Wetlands—including marshes, mangroves, swamps, deltas, and floodplains—provide valuable benefits to fish, people, and communities. They’re habitat for the fish we eat, are often the front line of protecting coastal communities from storms, and support cleaner water.
But, they’re quickly disappearing. For example, the West Coast of the United States has lost 85 percent of its estuaries. Louisiana’s coast has lost more than 2,000 square miles of wetlands—an area the size of Delaware— since the 1930s. To help reverse these trends, NOAA works with partners to protect and restore these habitats so wetlands can continue to provide their critical benefits.
1. Wetlands support the economy
Coastal wetlands provide homes to more than half of the $5.6 billion commercial seafood harvest in the United States. Wetland habitat also benefits recreational fisheries which contribute hundreds of thousands of jobs to the economy.

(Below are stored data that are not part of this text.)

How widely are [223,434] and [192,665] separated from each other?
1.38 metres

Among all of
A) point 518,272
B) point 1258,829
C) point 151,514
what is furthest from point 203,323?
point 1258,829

Americans use wetlands for other types of recreation too, like kayaking and watching nature. These activities draw locals and tourists to contribute to the multi-billion dollar outdoor recreation economy.
2. More wetlands = more fish
Endangered and threatened fish like salmon, trout, and steelhead rely on wetlands as a safe place for juveniles to feed and grow. Commercially and recreationally important species like blue crabs, oysters, clams, shrimp, and red drum, rely on coastal wetlands during some or all of their lifecycle.